- _Task statement_: Give every line below again, exactly as it appears.

- _Records from a collection_:
---

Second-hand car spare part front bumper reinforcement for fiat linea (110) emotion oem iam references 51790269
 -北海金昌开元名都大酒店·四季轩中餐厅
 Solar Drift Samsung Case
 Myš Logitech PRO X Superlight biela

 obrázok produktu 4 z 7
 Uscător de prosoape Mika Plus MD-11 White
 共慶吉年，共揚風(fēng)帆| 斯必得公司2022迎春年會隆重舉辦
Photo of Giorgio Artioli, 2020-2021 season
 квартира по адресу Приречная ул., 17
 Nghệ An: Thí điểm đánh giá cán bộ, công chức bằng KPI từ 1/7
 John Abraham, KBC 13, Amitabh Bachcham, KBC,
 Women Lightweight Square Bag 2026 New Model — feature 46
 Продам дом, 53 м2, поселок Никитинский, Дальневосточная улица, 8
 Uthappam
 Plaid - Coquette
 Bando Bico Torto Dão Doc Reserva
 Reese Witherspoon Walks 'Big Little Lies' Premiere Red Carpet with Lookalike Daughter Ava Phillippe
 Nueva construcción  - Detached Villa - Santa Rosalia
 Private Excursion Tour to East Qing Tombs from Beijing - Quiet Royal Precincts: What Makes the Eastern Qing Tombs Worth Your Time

---

- _Solution for this task_:
Second-hand car spare part front bumper reinforcement for fiat linea (110) emotion oem iam references 51790269
 -北海金昌开元名都大酒店·四季轩中餐厅
 Solar Drift Samsung Case
 Myš Logitech PRO X Superlight biela

 obrázok produktu 4 z 7
 Uscător de prosoape Mika Plus MD-11 White
 共慶吉年，共揚風(fēng)帆| 斯必得公司2022迎春年會隆重舉辦
Photo of Giorgio Artioli, 2020-2021 season
 квартира по адресу Приречная ул., 17
 Nghệ An: Thí điểm đánh giá cán bộ, công chức bằng KPI từ 1/7
 John Abraham, KBC 13, Amitabh Bachcham, KBC,
 Women Lightweight Square Bag 2026 New Model — feature 46
 Продам дом, 53 м2, поселок Никитинский, Дальневосточная улица, 8
 Uthappam
 Plaid - Coquette
 Bando Bico Torto Dão Doc Reserva
 Reese Witherspoon Walks 'Big Little Lies' Premiere Red Carpet with Lookalike Daughter Ava Phillippe
 Nueva construcción  - Detached Villa - Santa Rosalia
 Private Excursion Tour to East Qing Tombs from Beijing - Quiet Royal Precincts: What Makes the Eastern Qing Tombs Worth Your Time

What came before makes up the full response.